● **Problem to work on**
Your task is to write out exactly the lines of the listing below, from the first down to the line that holds "Men’s Mexico Soccer Crewneck Sweatshirt".

----- Supplied data

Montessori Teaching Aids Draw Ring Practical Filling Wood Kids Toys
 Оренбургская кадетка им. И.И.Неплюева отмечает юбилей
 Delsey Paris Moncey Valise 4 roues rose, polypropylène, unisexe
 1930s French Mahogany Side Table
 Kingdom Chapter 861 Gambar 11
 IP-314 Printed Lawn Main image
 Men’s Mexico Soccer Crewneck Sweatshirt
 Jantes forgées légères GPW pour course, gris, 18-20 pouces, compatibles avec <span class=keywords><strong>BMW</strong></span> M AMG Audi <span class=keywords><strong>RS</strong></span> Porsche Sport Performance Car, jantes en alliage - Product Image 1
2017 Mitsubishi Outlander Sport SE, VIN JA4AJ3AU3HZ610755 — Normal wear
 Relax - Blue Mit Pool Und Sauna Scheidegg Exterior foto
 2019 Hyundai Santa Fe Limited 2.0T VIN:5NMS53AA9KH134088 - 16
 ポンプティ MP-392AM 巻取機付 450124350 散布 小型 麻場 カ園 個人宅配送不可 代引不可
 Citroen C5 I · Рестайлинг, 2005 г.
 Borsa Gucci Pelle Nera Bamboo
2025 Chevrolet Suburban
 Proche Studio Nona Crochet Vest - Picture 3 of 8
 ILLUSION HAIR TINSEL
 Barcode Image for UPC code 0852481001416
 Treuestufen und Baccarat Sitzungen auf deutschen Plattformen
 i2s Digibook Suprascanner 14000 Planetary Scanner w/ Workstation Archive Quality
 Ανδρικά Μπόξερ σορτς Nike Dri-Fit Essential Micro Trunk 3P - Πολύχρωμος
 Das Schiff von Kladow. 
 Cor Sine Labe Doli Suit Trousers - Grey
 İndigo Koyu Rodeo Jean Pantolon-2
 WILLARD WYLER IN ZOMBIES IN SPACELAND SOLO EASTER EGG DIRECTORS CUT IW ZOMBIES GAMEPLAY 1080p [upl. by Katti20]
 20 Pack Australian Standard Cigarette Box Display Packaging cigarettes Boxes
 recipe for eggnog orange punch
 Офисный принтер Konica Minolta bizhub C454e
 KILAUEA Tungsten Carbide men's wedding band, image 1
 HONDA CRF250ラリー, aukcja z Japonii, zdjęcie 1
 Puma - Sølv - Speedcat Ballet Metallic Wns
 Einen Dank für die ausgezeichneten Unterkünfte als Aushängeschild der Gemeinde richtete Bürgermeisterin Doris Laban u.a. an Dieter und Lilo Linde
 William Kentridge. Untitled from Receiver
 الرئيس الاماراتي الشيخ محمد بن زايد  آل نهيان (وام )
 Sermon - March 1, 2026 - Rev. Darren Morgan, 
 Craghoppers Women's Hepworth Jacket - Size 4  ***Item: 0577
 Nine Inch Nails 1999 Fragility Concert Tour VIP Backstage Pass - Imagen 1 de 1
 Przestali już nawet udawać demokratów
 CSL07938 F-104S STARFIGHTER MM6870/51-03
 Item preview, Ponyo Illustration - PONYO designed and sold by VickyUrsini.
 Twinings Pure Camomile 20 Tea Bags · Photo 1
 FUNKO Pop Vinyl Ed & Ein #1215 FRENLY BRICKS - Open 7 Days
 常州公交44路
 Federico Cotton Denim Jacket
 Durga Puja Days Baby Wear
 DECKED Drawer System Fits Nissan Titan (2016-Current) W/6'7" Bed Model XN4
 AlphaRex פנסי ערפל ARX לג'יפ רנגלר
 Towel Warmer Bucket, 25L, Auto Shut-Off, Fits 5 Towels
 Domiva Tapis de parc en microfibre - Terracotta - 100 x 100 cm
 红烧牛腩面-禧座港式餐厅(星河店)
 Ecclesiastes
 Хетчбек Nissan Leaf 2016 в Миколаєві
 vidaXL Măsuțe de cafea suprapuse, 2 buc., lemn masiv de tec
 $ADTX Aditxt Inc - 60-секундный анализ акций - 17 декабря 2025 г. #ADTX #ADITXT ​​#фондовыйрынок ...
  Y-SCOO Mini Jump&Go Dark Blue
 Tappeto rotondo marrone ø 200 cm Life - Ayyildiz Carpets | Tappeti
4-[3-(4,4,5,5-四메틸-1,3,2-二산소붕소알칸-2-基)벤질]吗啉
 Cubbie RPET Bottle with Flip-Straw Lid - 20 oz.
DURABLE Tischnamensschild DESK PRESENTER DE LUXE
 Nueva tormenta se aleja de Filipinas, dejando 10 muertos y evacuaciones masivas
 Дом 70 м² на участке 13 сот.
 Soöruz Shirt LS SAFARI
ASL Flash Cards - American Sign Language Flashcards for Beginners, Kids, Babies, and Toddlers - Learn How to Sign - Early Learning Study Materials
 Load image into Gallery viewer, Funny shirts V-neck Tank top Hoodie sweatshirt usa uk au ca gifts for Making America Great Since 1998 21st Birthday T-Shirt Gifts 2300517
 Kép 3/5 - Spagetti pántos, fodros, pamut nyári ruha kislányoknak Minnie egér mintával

----------

● **Output below**
Montessori Teaching Aids Draw Ring Practical Filling Wood Kids Toys
 Оренбургская кадетка им. И.И.Неплюева отмечает юбилей
 Delsey Paris Moncey Valise 4 roues rose, polypropylène, unisexe
 1930s French Mahogany Side Table
 Kingdom Chapter 861 Gambar 11
 IP-314 Printed Lawn Main image
 Men’s Mexico Soccer Crewneck Sweatshirt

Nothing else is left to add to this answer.